Employ SmartNICs' Data Path Accelerators for Ordered Key-Value Stores

Remote in-memory key-value (KV) stores serve as a cornerstone for diverse modern workloads, and high-speed range scans are frequently a requirement. However, current architectures rarely achieve a simultaneous balance of peak efficiency, architectural simplicity, and native support for ordered operations. Conventional host-centric frameworks are restricted by kernel-space network stacks and internal bus latencies. While hash-based alternatives that utilize OS-bypass or run natively on SmartNICs offer high throughput, they lack the data structures necessary for range queries. Distributed RDMA-based systems provide performance and range functionality but often depend on stateful clients, which introduces complexity in scaling and error handling. Alternatively, SmartNIC implementations that traverse trees located in host memory are hampered by high DMA round-trip latencies. This paper introduces a KV store that leverages the on-path Data Path Accelerators (DPAs) of the BlueField-3 SmartNIC to eliminate operating system overhead while facilitating stateless clients and range operations. These DPAs ingest network requests directly from NIC buffers to navigate a lock-free learned index residing in the accelerator's local memory. By deferring value retrieval from the host-side tree replica until the leaf level is reached, the design minimizes PCIe crossings.
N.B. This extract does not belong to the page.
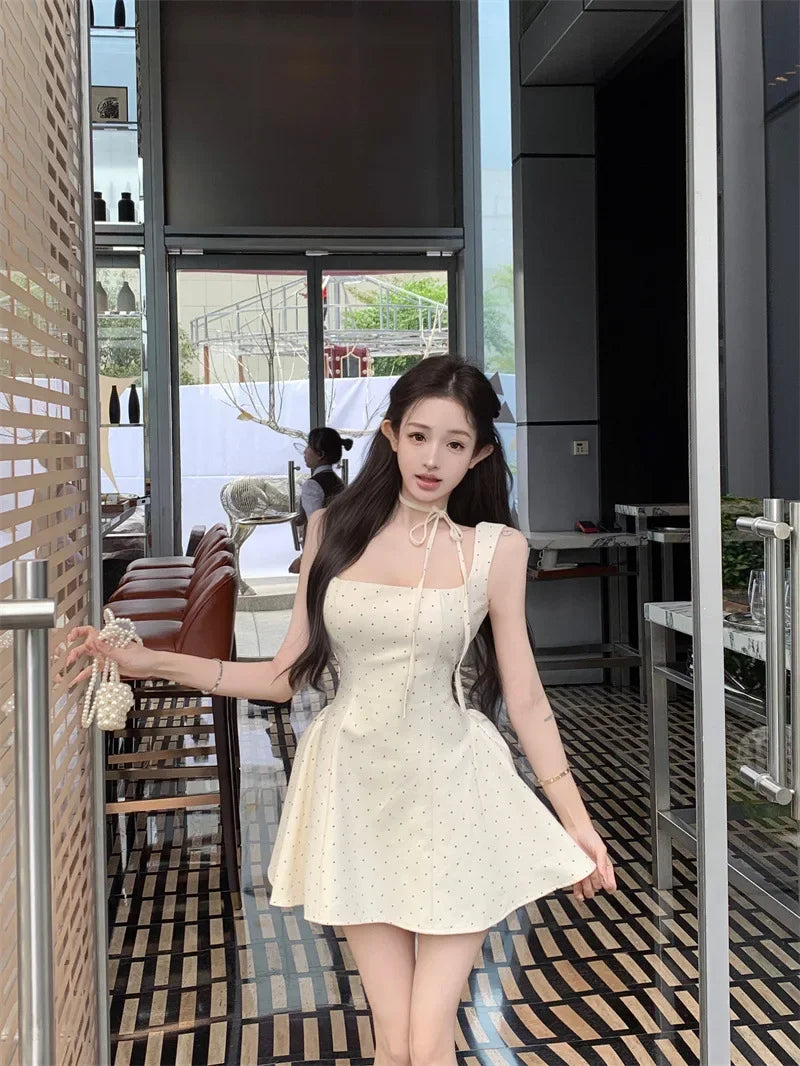 LIZAKOSHT  -  Original High Quality French Polka Dot Strap Dress Women's Summer Sexy Slimming Short Skirt Mini Dress Square Collar Sleeveless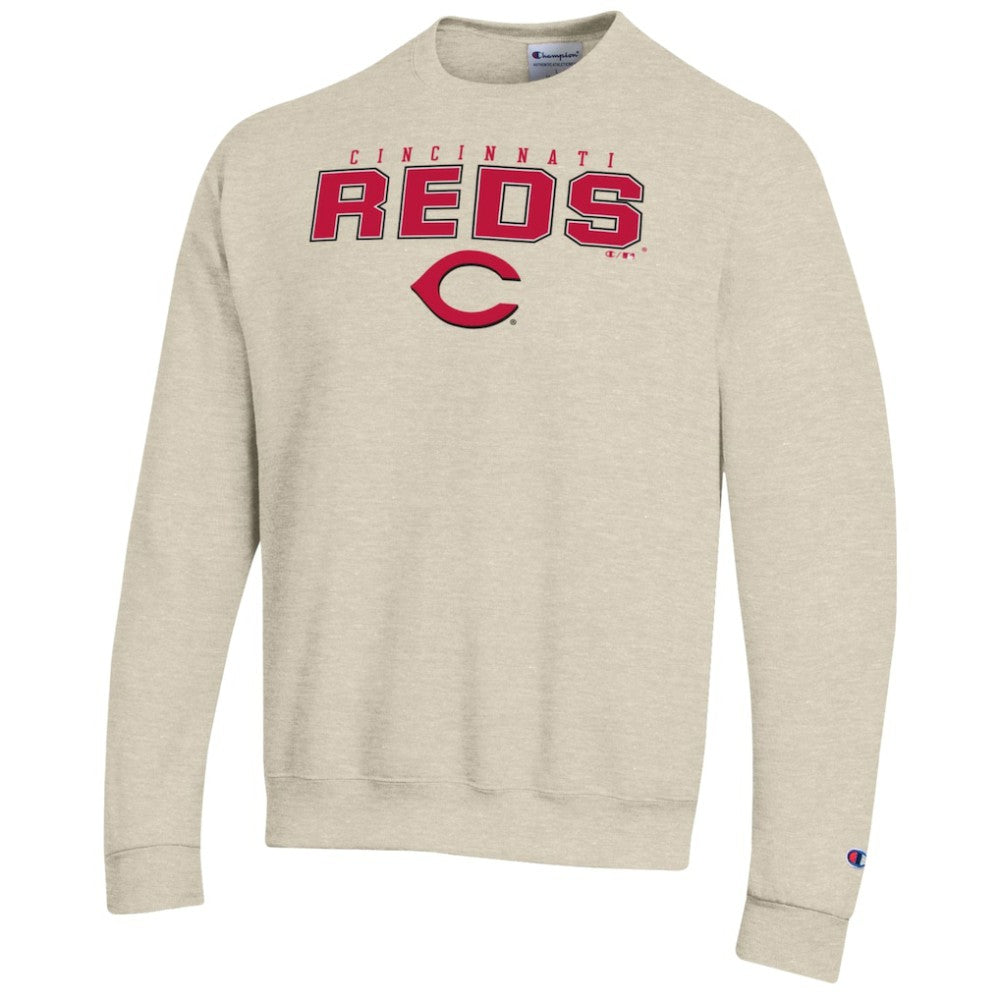 Cincinnati Reds Champion Eco Powerblend Sweatshirt - Oatmeal - MLB on Sale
Write operations are staged in DPA memory and migrated in batches to the host, where structural maintenance is performed before being transactionally stitched back to the SmartNIC. Coupled with a NIC-resident read cache, the system achieves 33 million operations per second (MOPS) for point lookups and 13 MOPS for range queries. Our analysis demonstrates that this architecture matches or exceeds the performance of contemporary state-of-the-art solutions, while we identify hardware refinements that could further accelerate performance.
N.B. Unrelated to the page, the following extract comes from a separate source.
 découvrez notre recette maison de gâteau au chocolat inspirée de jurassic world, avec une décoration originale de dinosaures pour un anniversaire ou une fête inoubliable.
翻译：远程内存键值（KV）存储是现代多样化工作负载的基石，而高速范围扫描往往是其常见需求。然而，现有架构很少能同时兼顾峰值效率、架构简洁性以及对有序操作的原生支持。传统以主机为中心的框架受限于内核态网络协议栈和内部总线延迟。虽然基于哈希且利用操作系统旁路或直接在SmartNIC上运行的替代方案提供了高吞吐量，但它们缺乏支持范围查询所需的数据结构。基于分布式RDMA的系统提供了性能和范围查询功能，但通常依赖于有状态客户端，这给扩展和错误处理带来了复杂性。另一方面，在SmartNIC上实现遍历位于主机内存中的树结构，则受限于高DMA往返延迟。本文提出一种KV存储系统，它利用BlueField-3 SmartNIC的在线数据路径加速器（DPA）来消除操作系统开销，同时支持无状态客户端和范围操作。这些DPA直接从NIC缓冲区接收网络请求，以遍历驻留在加速器本地内存中的无锁学习索引。通过将值检索（从主机端树副本）推迟到到达叶节点时才执行，该设计最大限度地减少了PCIe穿越次数。写操作暂存在DPA内存中，并批量迁移到主机，在主机端完成结构维护后，再以事务方式缝合回SmartNIC。结合驻留在NIC中的读缓存，该系统实现了每秒3300万次操作（MOPS）的点查询性能和1300万MOPS的范围查询性能。我们的分析表明，该架构达到或超越了当前最先进解决方案的性能，同时我们指出了可进一步加速性能的硬件改进方向。